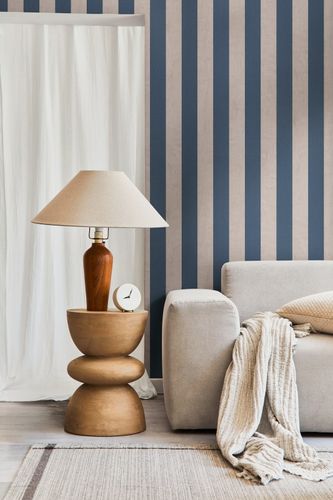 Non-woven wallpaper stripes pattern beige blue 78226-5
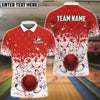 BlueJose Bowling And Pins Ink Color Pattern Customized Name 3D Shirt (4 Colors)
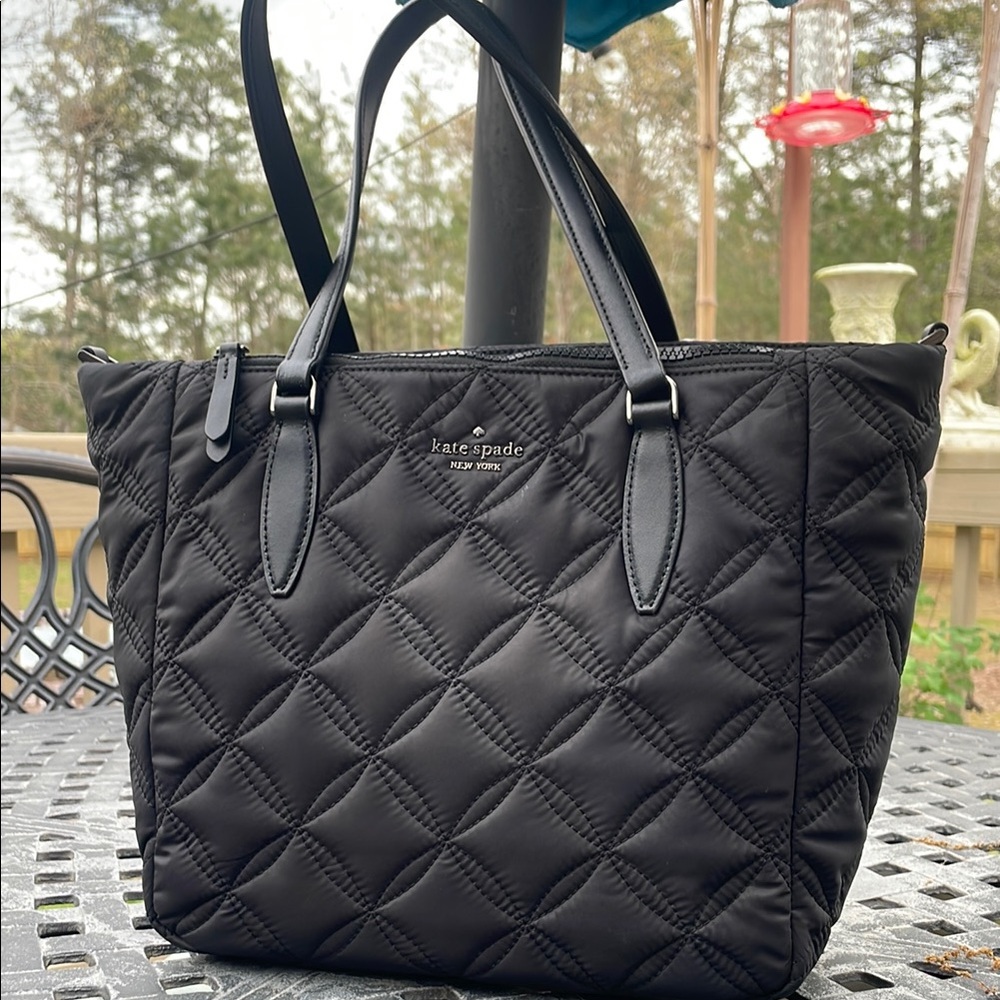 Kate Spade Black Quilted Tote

*WORK INSTRUCTION*:
Set the listing down again exactly, skipping each picture.

*WRITTEN ANSWER*:
 Non-woven wallpaper stripes pattern beige blue 78226-5
 BlueJose Bowling And Pins Ink Color Pattern Customized Name 3D Shirt (4 Colors)
 Kate Spade Black Quilted Tote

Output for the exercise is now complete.